§ Activity
The answer is all of the entries below, repeated exactly and free of pictures.

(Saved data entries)
---
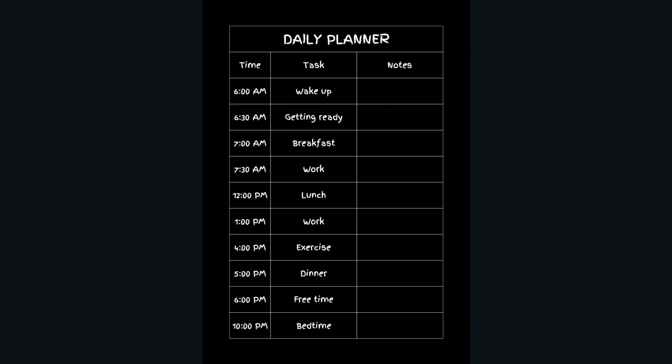In our series of videos where we're giving you ideas what digital products you can create and sell on Etsy or any other online store, today I'm going to show you how you can create these kinds of daily planners with the help of ChatGPT and Canva software.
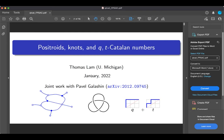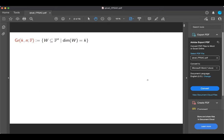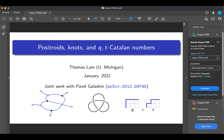I normally do this on my tablet. I want to talk about joint work with Pasha Galashen about these three topics: positroids, knots, and qt-Catalan numbers. Down here there's a cartoon of these three kinds of objects — here's something called a plebic graph which represents a positroid, this is a torus knot, and this is the second qt-Catalan number.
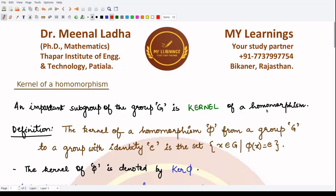Hello everyone, welcome to this video. In this video we'll be learning about the concept of kernel of a homomorphism. The kernel of a homomorphism is an important subgroup of the group G. Let's look at the definition: the kernel of a homomorphism from a group G to a group G-bar is the set of all x belonging to G such that Phi of x equals the identity.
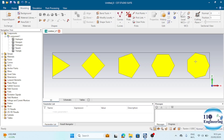By varying the value of the Segments field, you can further design an octagon, nonagon, and so on. Now you know how to create different polygon shapes in CST with just a few clicks. Don't forget to like, share, and subscribe for more CST tutorials — see you in the next video!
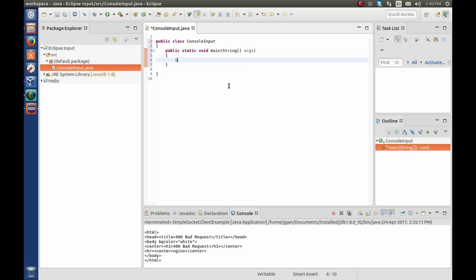Then write here int a, b, c, scanner, sc is equal to new scanner, system dot in.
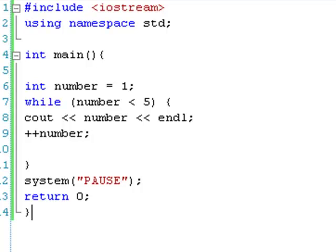Hello and welcome to your 7th C++ lesson. This one's on while loops. In a program, a lot of the time you're going to want to loop things for a certain amount of time. So this is basically one way of doing it.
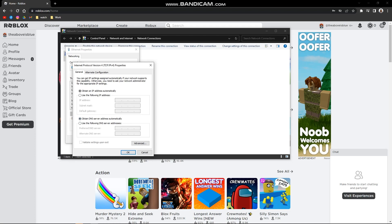In the bottom area, select 'Use the following DNS server addresses.' Just click the small circle, and then in the Preferred DNS server area, we're going to type in 8.8.8.8.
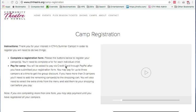Thank you for your interest in CTH's summer camps. We'd like to offer you a little help in completing the registration process and paying for camp. There are two steps to the process: registration and then payment.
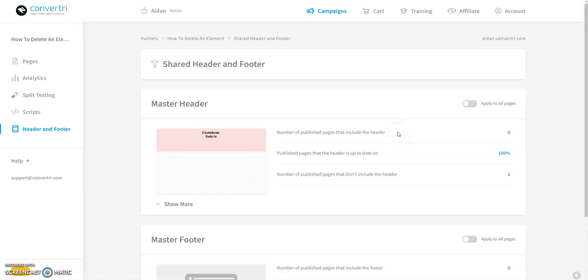The header and footer screen is where you can see which pages have the header or footer enabled, which need republishing, and what your header and footer look like at a glance.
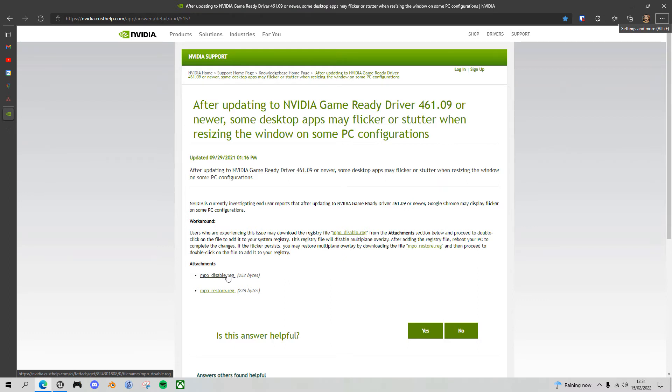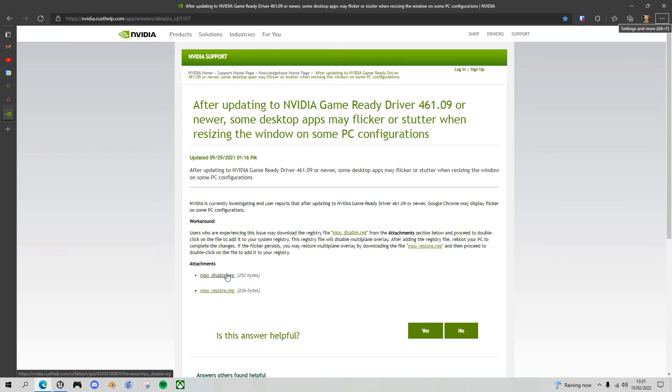If you ever need to restore it you can do so by using this restore link. But I have found that I've not had to re-enable it. I can't see why it's required for anything else.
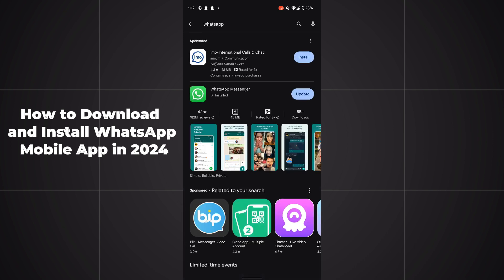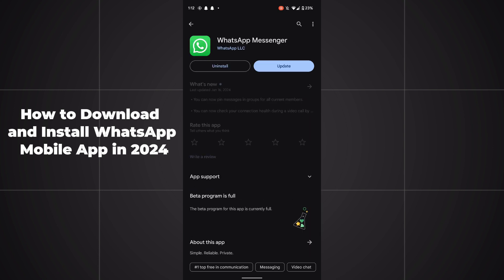After searching for WhatsApp, you have to simply select WhatsApp Messenger and click on install. I have already installed WhatsApp, so that's why there is no install button here.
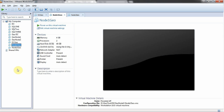Welcome to part 2 of installing SQL Server Failover Cluster on a multi-subnet environment. As you can see, I have virtual machines installed on my laptop and I am using VMware Workstation. We will be focusing mainly on these 3 VMs that we will be doing the demo on.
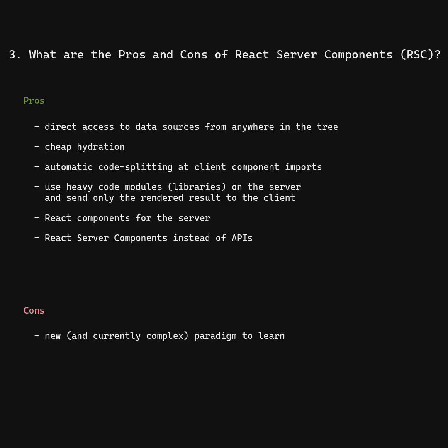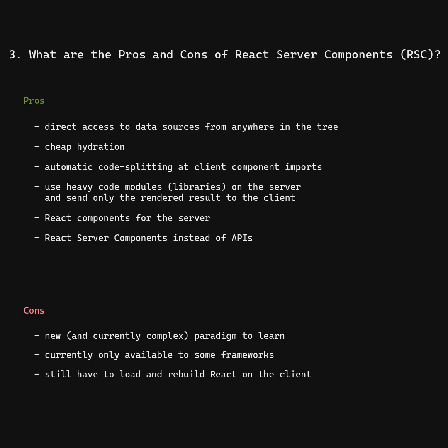New paradigm to learn. Currently only available to some frameworks. Still have to load and rebuild React on the client. New and undiscovered pitfalls to avoid.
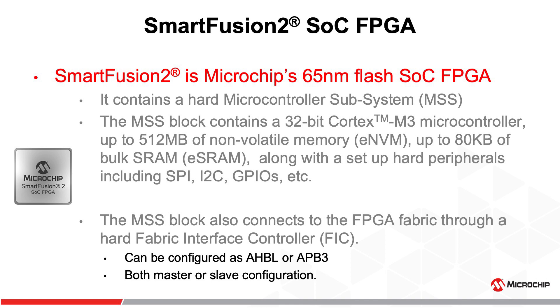They include a series of hard peripherals such as SPI, I2C, and GPIOs. The MSS block can also connect to the FPGA fabric via Synchronized Fabric Interface Controllers or FIC for short, that can be configured as AHB-Lite or APB-3 in both master and slave directions.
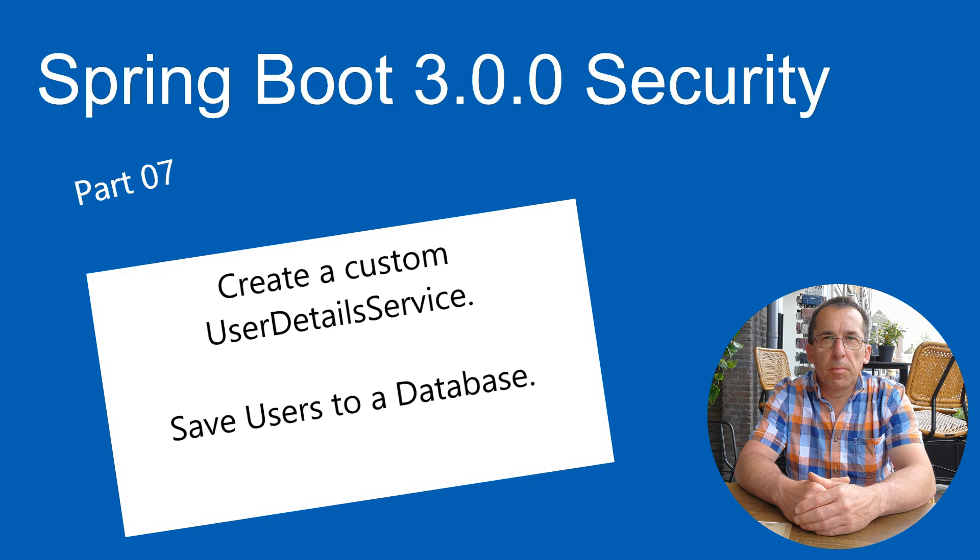In this video, we continue with Spring Security. From now on, we will extract the users from a database, therefore we will create a custom user details service. Let's see in Eclipse how we do that.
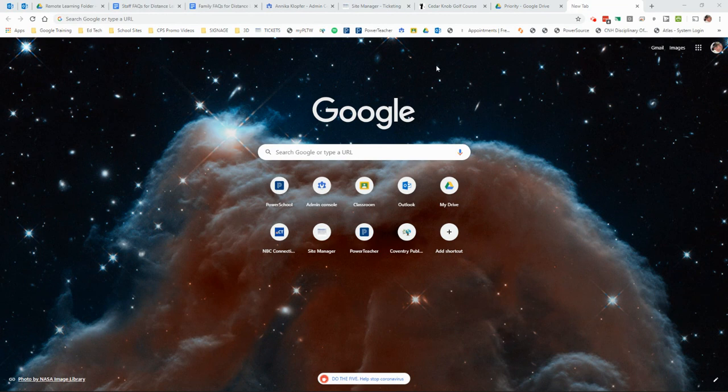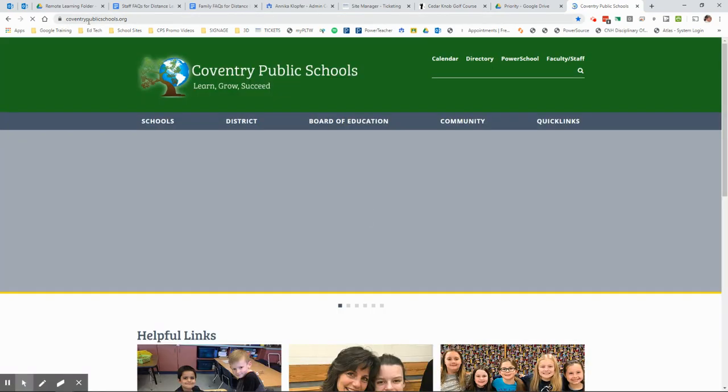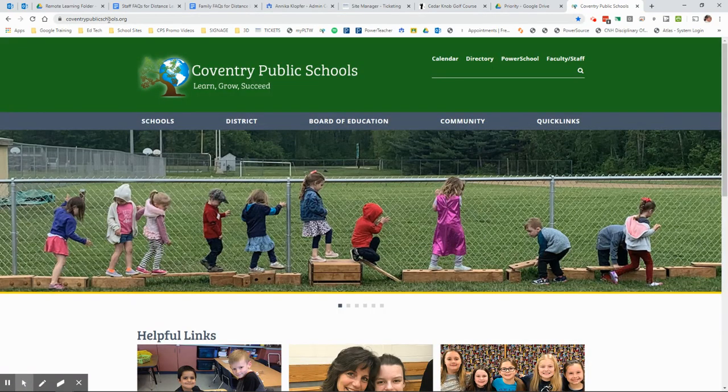So to do that, what you need to do is go to the Coventry Public Schools website. I'm going to click on my shortcut and it's coventrypublicschools.org, all one word, lowercase.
---
§ Answer
In our series of videos where we're giving you ideas what digital products you can create and sell on Etsy or any other online store, today I'm going to show you how you can create these kinds of daily planners with the help of ChatGPT and Canva software.
I normally do this on my tablet. I want to talk about joint work with Pasha Galashen about these three topics: positroids, knots, and qt-Catalan numbers. Down here there's a cartoon of these three kinds of objects — here's something called a plebic graph which represents a positroid, this is a torus knot, and this is the second qt-Catalan number.
Hello everyone, welcome to this video. In this video we'll be learning about the concept of kernel of a homomorphism. The kernel of a homomorphism is an important subgroup of the group G. Let's look at the definition: the kernel of a homomorphism from a group G to a group G-bar is the set of all x belonging to G such that Phi of x equals the identity.
By varying the value of the Segments field, you can further design an octagon, nonagon, and so on. Now you know how to create different polygon shapes in CST with just a few clicks. Don't forget to like, share, and subscribe for more CST tutorials — see you in the next video!
Then write here int a, b, c, scanner, sc is equal to new scanner, system dot in.
Hello and welcome to your 7th C++ lesson. This one's on while loops. In a program, a lot of the time you're going to want to loop things for a certain amount of time. So this is basically one way of doing it.
In the bottom area, select 'Use the following DNS server addresses.' Just click the small circle, and then in the Preferred DNS server area, we're going to type in 8.8.8.8.
Thank you for your interest in CTH's summer camps. We'd like to offer you a little help in completing the registration process and paying for camp. There are two steps to the process: registration and then payment.
The header and footer screen is where you can see which pages have the header or footer enabled, which need republishing, and what your header and footer look like at a glance.
If you ever need to restore it you can do so by using this restore link. But I have found that I've not had to re-enable it. I can't see why it's required for anything else.
After searching for WhatsApp, you have to simply select WhatsApp Messenger and click on install. I have already installed WhatsApp, so that's why there is no install button here.
Welcome to part 2 of installing SQL Server Failover Cluster on a multi-subnet environment. As you can see, I have virtual machines installed on my laptop and I am using VMware Workstation. We will be focusing mainly on these 3 VMs that we will be doing the demo on.
New paradigm to learn. Currently only available to some frameworks. Still have to load and rebuild React on the client. New and undiscovered pitfalls to avoid.
They include a series of hard peripherals such as SPI, I2C, and GPIOs. The MSS block can also connect to the FPGA fabric via Synchronized Fabric Interface Controllers or FIC for short, that can be configured as AHB-Lite or APB-3 in both master and slave directions.
In this video, we continue with Spring Security. From now on, we will extract the users from a database, therefore we will create a custom user details service. Let's see in Eclipse how we do that.
So to do that, what you need to do is go to the Coventry Public Schools website. I'm going to click on my shortcut and it's coventrypublicschools.org, all one word, lowercase.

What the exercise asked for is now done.